▶ [Task to complete]: Once the pictures are removed, reproduce what is left of the data below exactly.

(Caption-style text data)

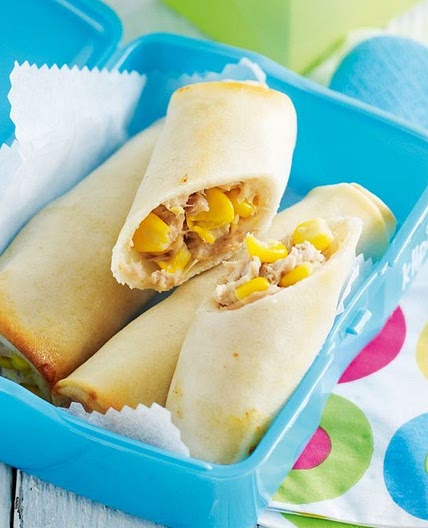 Tuna and corn spring rolls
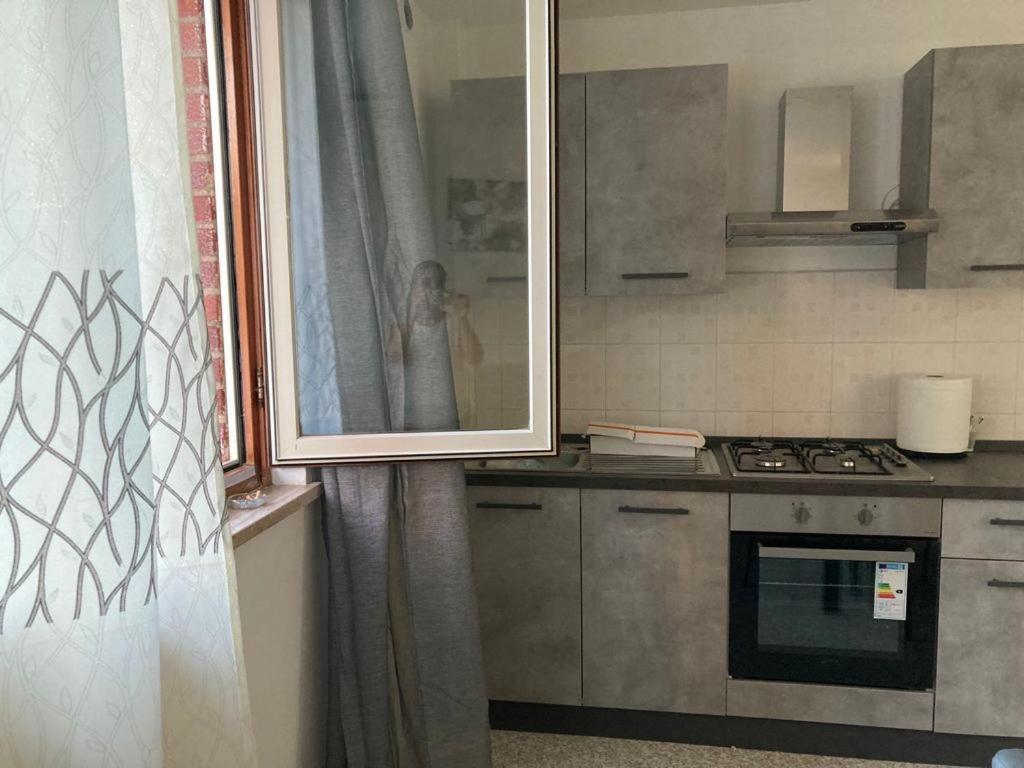 Appartamento Sulla Piazza 90 M Dal Mare Anzio Exteriör bild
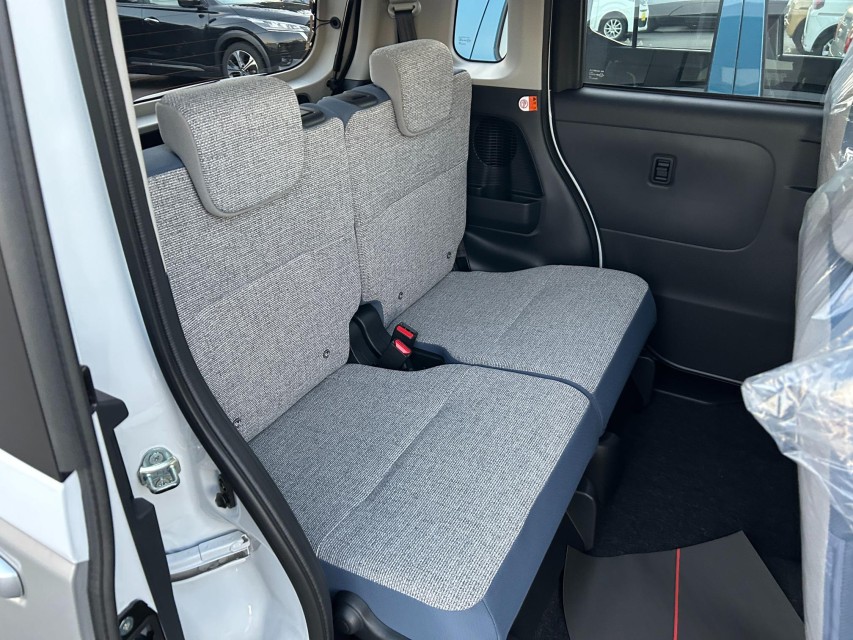 ダイハツ ムーヴキャンバス 30枚目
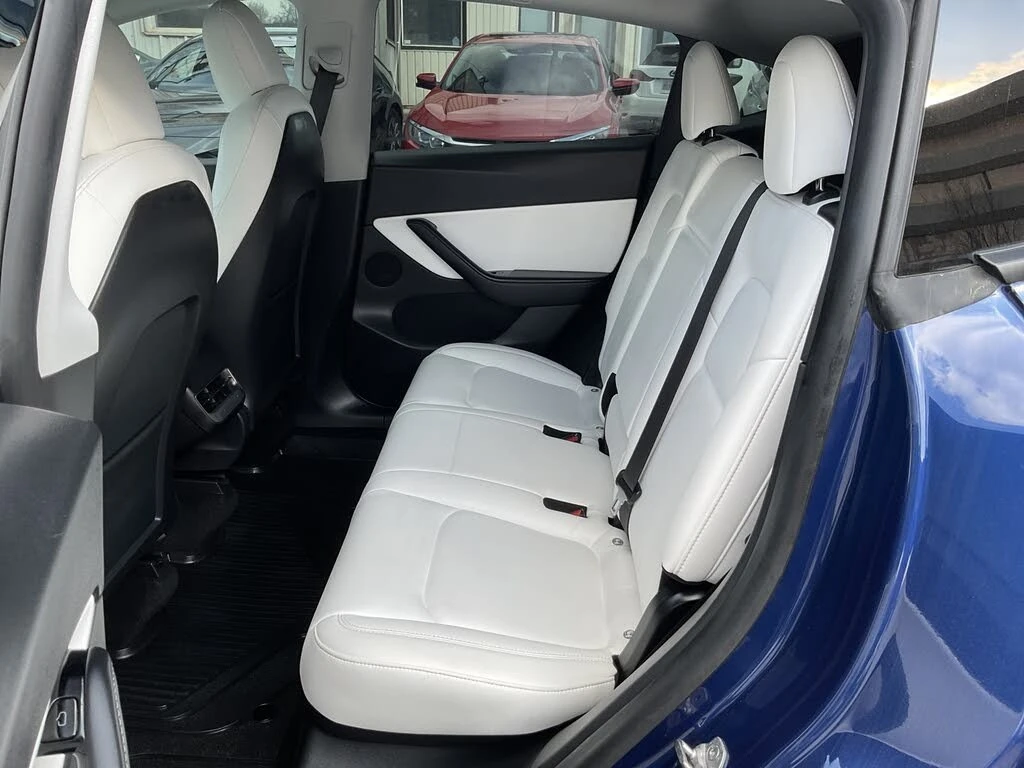 Tesla Model Y Performance* AWD* АвтоКредит* (ЦЕНА ДО БГ), снимка 14 - Автомобили и джипове - 54259823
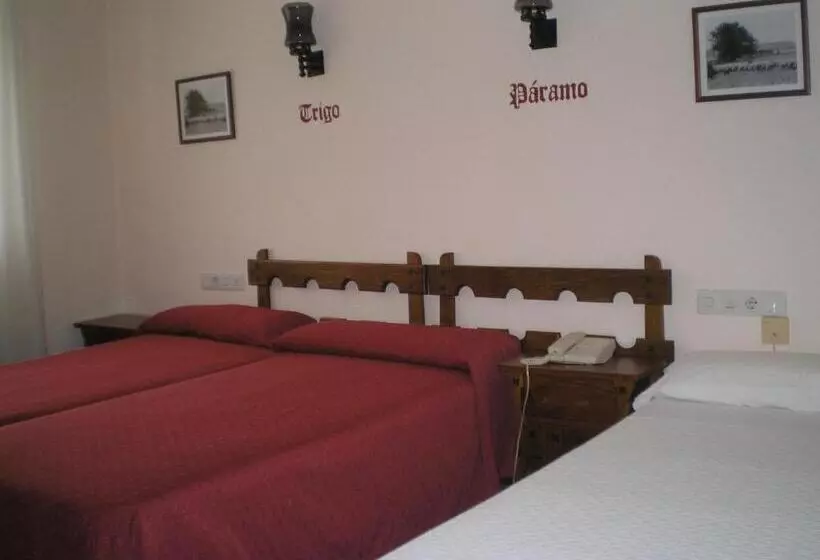 فندق Tierra De Campos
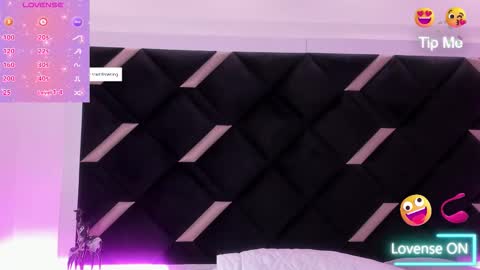 Snapshot of amelie_loove chatting on March 25, 1:06 pm Amelie online show from March 25, 1:06 pm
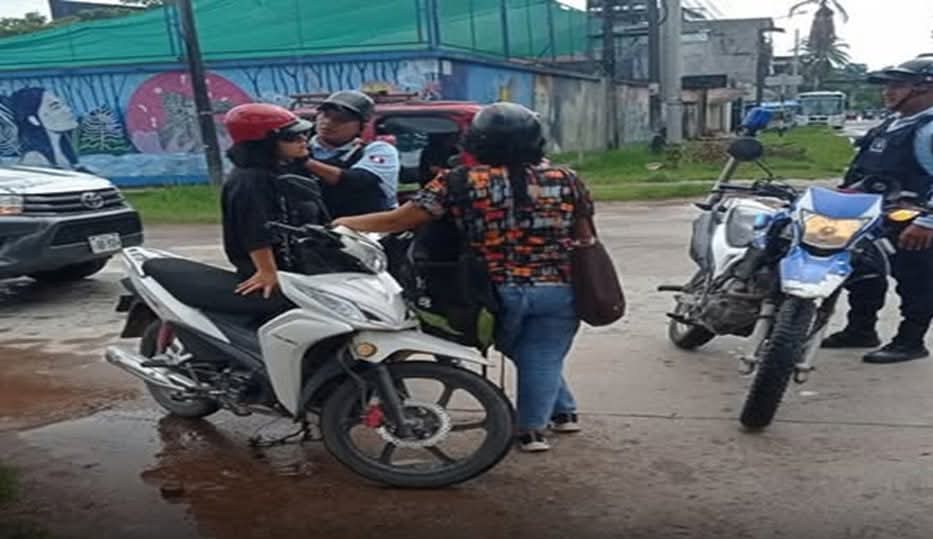 Choque Y Fuga De Trimovil Deja Dos Mujeres Heridas En El Jr Chiclayo Tingo Maria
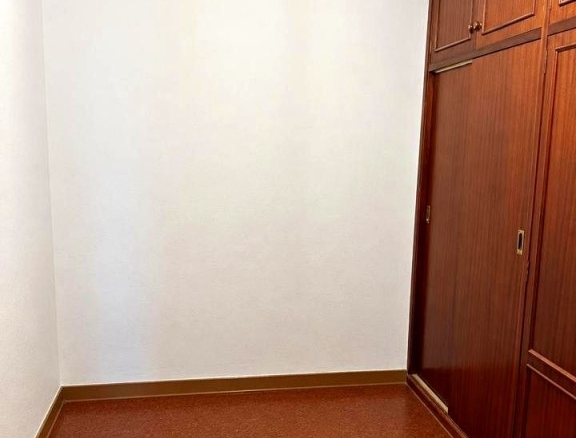 Imagen 4 de Piso para reformar en zona céntrica de Santander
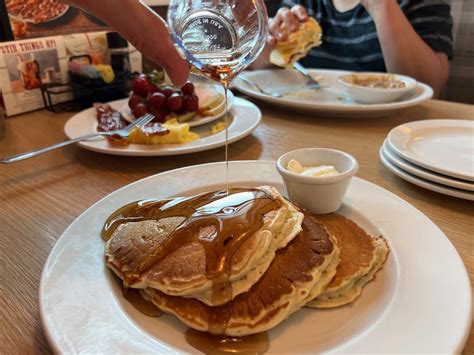 Delicious and Convenient: Discover the Irresistible Flavors of Bob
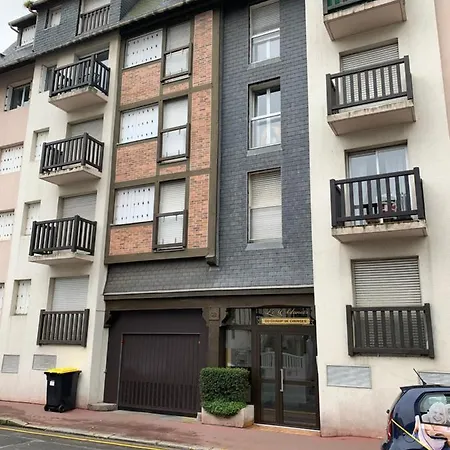 Centre Grand 2 Pieces Parking Terrasse Vue Hippodrome Deauville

▶ [Solved problem]:
 Tuna and corn spring rolls
 Appartamento Sulla Piazza 90 M Dal Mare Anzio Exteriör bild
 ダイハツ ムーヴキャンバス 30枚目
 Tesla Model Y Performance* AWD* АвтоКредит* (ЦЕНА ДО БГ), снимка 14 - Автомобили и джипове - 54259823
 فندق Tierra De Campos
 Snapshot of amelie_loove chatting on March 25, 1:06 pm Amelie online show from March 25, 1:06 pm
 Choque Y Fuga De Trimovil Deja Dos Mujeres Heridas En El Jr Chiclayo Tingo Maria
 Imagen 4 de Piso para reformar en zona céntrica de Santander
 Delicious and Convenient: Discover the Irresistible Flavors of Bob
 Centre Grand 2 Pieces Parking Terrasse Vue Hippodrome Deauville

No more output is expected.